Right way to get output from an HTM system

The image that comes to mind is driving a nail with a Rolex watch.
I am sure that you can do it but it is really the best tool?

There are many ways to get output from an HTM, but the simplest is to use a statistical classifier.

Both Nupic and htm.core contain a “classifier”.
The classifier takes SDR’s as input, and outputs a Label.
Inside of the classifier, it is a simple 1-layer NN that learns with backpropagation. There is a weight from every bit of the input SDR to every category of label.

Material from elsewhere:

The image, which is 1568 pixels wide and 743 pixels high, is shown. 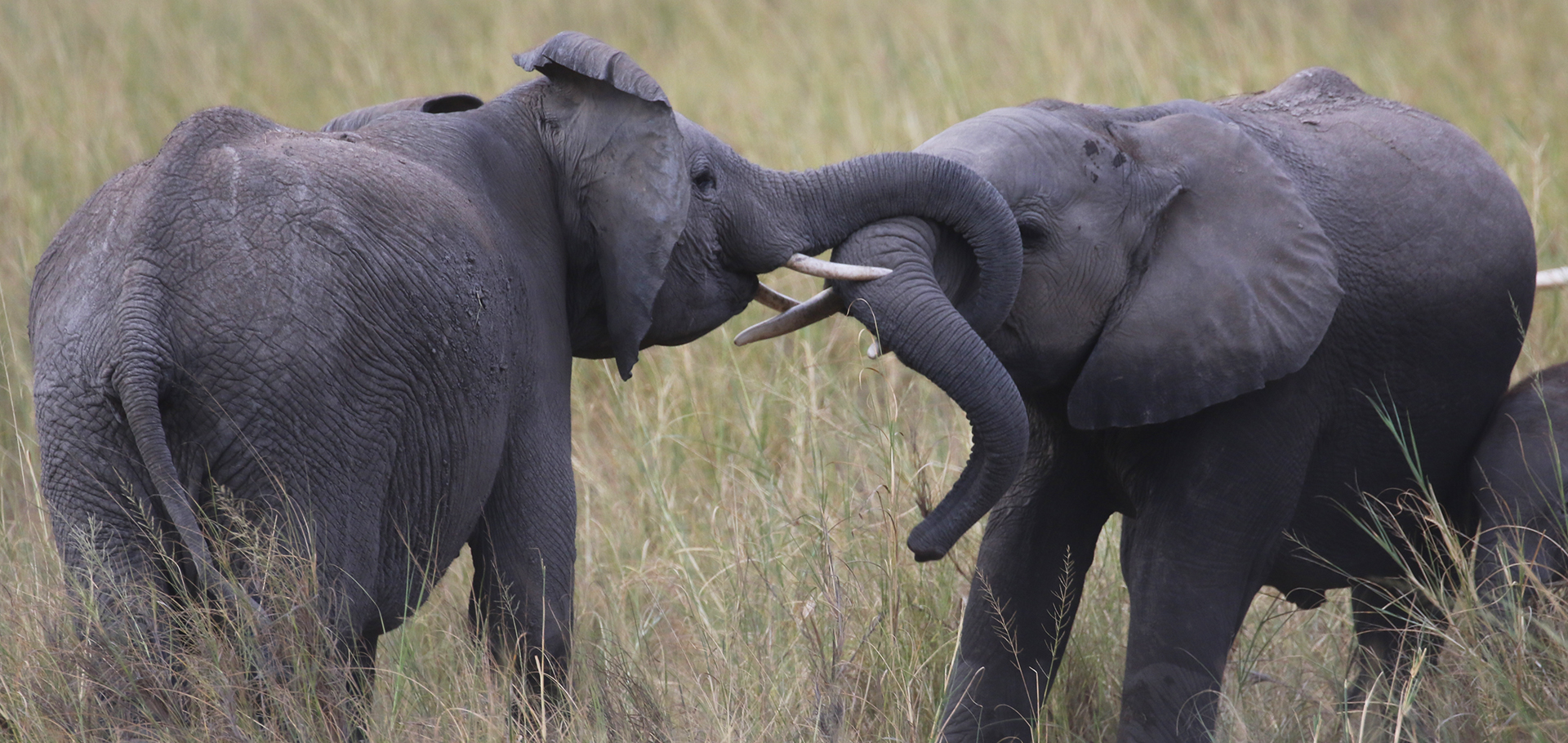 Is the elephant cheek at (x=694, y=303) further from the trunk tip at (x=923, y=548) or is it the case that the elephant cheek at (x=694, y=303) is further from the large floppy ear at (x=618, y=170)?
the trunk tip at (x=923, y=548)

See htm.core’s MNIST example: htm.core/mnist.py at master · htm-community/htm.core · GitHub

1 Like

Thank you for the replies and insights.

After I posted I also found this presentation where Subutai describes the CLA classifier: Getting Predictions out of HTM (CLA Classifier) - YouTube

An adjunct classifier module definitely accomplishes the goal I outlined in the original post. But it wasn’t the answer I was driving at. It feels a bit like “inserting probes into a neocortex” as opposed to creating a simplified whole brain.

Here is a different formulation of the question: What is the architecture of the simplest HTM-based system capable of taking an action?

That action could be as simple as setting a one-bit output based on what it recognizes, but, as far as I understand, the neocortex itself isn’t capable of movement / aka output at all. 1000 Brains likens the neocortex to a map, and therefore there are some missing old-brain components that interpret and act based on that map.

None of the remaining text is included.